Many of you have been in my office and know that I have a number of crosses on the wall. Some have commented that I have some that are crucifixes, commenting “but we are not catholic, why do you have a crucifix on your wall?” I have a crucifix on the wall because it reminds us of God’s forgiveness, that even after meeting the darkness of humanity, the darkness that would place God’s Son on a cross, God would still offer us forgiveness and invite us to ‘be with me in paradise’. One of the things Protestants gave up 500 years ago in the Protestant Reformation was the sacrament of confession and the pronouncement of forgiveness. While I’m not ready to shift denominations and become a catholic priest, I’m sad that we don’t hold confession and forgiveness with the same sacramental quality we do with communion and baptism. So, whenever we worship, you will notice that there is always some component of forgiveness and confession. I haven’t installed a confessional booth yet … but you never know.


I would like for you to hold whatever image of God might speak to you right now in your minds eye. Perhaps it is the face of Jesus where you see God reflected, or a wonder of creation, or some other image of God. Imagine that a core identity of God is forgiveness. “Father, forgive them; for they do not know what they are doing”… “I am He who blots out your transgressions for my own sake, and I will not remember your sins.” God is reaching out with forgiveness.

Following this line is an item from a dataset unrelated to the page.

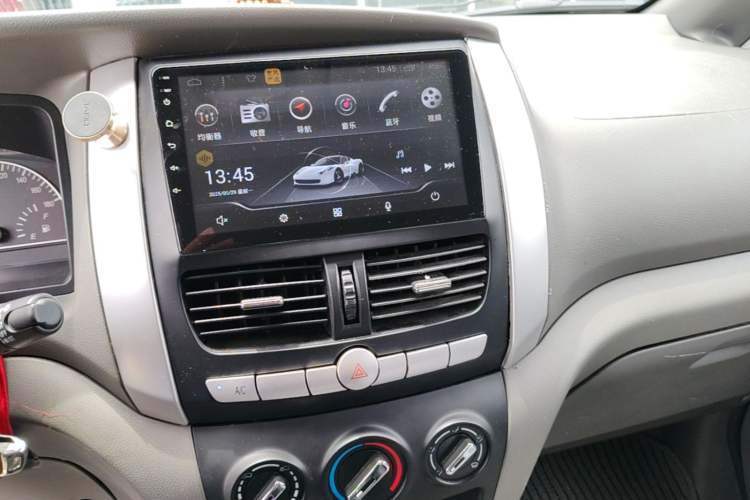 Used Dongfeng Shuaike 2013 Facelift 1.5L Manual Comfort 7-Seater China V Standard Audio And AC Panel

Now, there is a second component to forgiveness, which we will shift to next week. And that is how we respond to this nature of God. So, in case you are wondering how part two will continue, we will shift to the ongoing spiritual work of living this way of God.


I wanted to conclude with the life of Traudl Junge. In, what I think, was a poignant coincidence, Junge died of cancer the evening that the film “Blind Spot” premiered at the 2002 Berlin Film Festival. She had suffered for 57 years over her past, taking early retirement due to severe depression, never forgiving herself. Yet, it seems that she made peace with her tortured past in her final days. Othmar Schmiderer, the producer of Blind Spot, was among the last people to speak to her. He quoted her as saying: "Now that I've let go of my story, I can let go of my life." So too does God invite us to "let go of our story," to embrace and then move beyond our past in confident expectation of God’s gracious future. Forgiveness is ‘for’ / ‘giving’. It is a gift ‘for’ / ‘receiving’ from God. It is a gift of pure grace; a gift of God given to each beautiful aspect of creation.